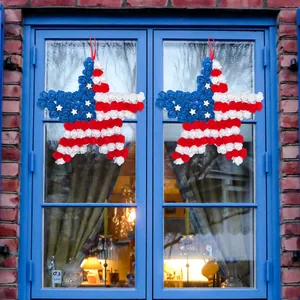USA Unabhängigkeitstag Pentagramm Blumen Tür Kranz Rot Weiß Blau Künstliche PU Rose Stern Wandbehang Patriotische Deko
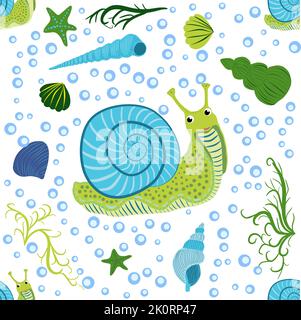 Snail, sea inhabitants seamless pattern, beautiful character among seashells, seaweed, starfish, sea animals of wildlife. Stock Vector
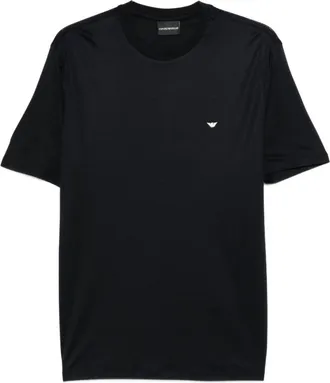 Emporio Armani Blue Solid Crew Neck T-Shirt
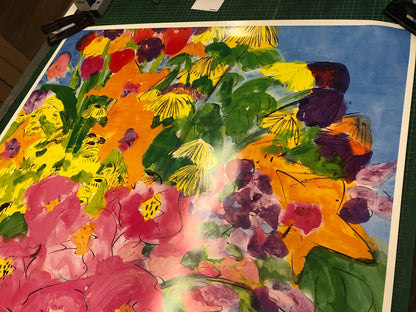 WALASSE TING The Colorful Bouquet of Flowers 62.25" x 43.25" Poster 1989 Contemp
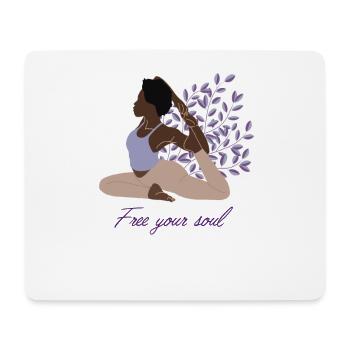 Libérez votre âme Kundalini Ashtanga Hatha Asanas - Tapis de souris (format paysage) - blanc - Devant
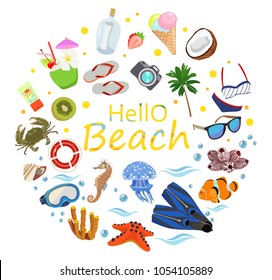 Vector poster with text Hello beach with elements of leisure and sea on white background. . Concept of design of summer beach holiday.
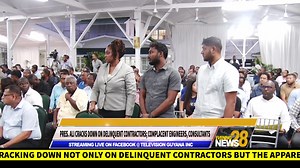 In an early morning meeting at State House today, President Dr Irfaan Ali upbraided delinquent contractors and complacent project engineers and consultants for the alarming number of projects that are significantly behind schedule countrywide. The Head of State warned that this level of slackness will not be tolerated and urged that going forward, stakeholders in project management take their duties more seriously. Let’s take a look at this morning’s engagement… | Television Guyana Inc.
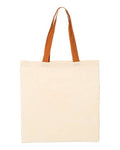 Q-Tees Economical Tote with Contrast-Color Handles Q-Tees
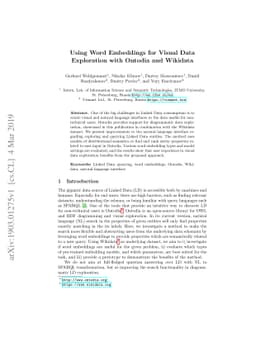Using Word Embeddings for Visual Data Exploration with Ontodia and
  Wikidata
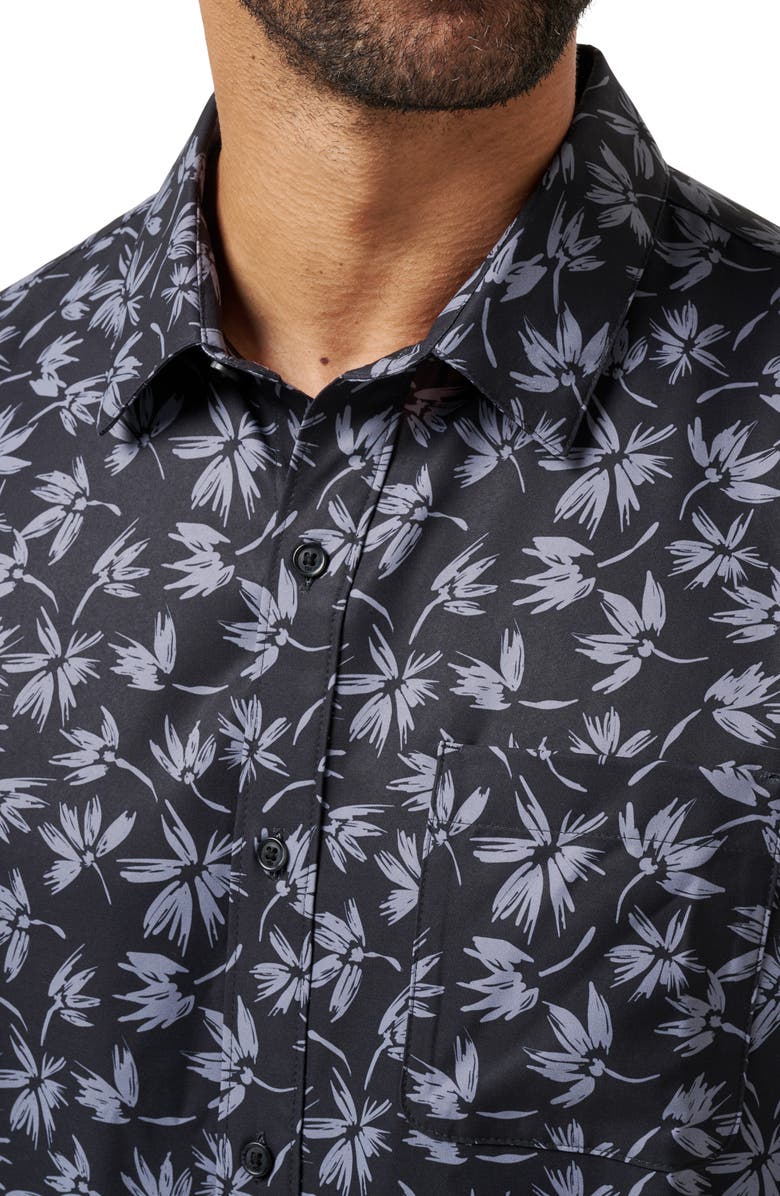 TravisMathew Coastal Trip Short Sleeve Button-Up Shirt, Alternate, color, Black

━━━━

REQUIRED WORK = Write out only the lines from the line containing "Emporio Armani Blue Solid Crew Neck T-Shirt" through the end of the material above, both end lines included. Pictures are not written out.

RESULT FOR THIS TASK =
 Emporio Armani Blue Solid Crew Neck T-Shirt
 WALASSE TING The Colorful Bouquet of Flowers 62.25" x 43.25" Poster 1989 Contemp
 Libérez votre âme Kundalini Ashtanga Hatha Asanas - Tapis de souris (format paysage) - blanc - Devant
 Vector poster with text Hello beach with elements of leisure and sea on white background. . Concept of design of summer beach holiday.
 In an early morning meeting at State House today, President Dr Irfaan Ali upbraided delinquent contractors and complacent project engineers and consultants for the alarming number of projects that are significantly behind schedule countrywide. The Head of State warned that this level of slackness will not be tolerated and urged that going forward, stakeholders in project management take their duties more seriously. Let’s take a look at this morning’s engagement… | Television Guyana Inc.
 Q-Tees Economical Tote with Contrast-Color Handles Q-Tees
Using Word Embeddings for Visual Data Exploration with Ontodia and
  Wikidata
 TravisMathew Coastal Trip Short Sleeve Button-Up Shirt, Alternate, color, Black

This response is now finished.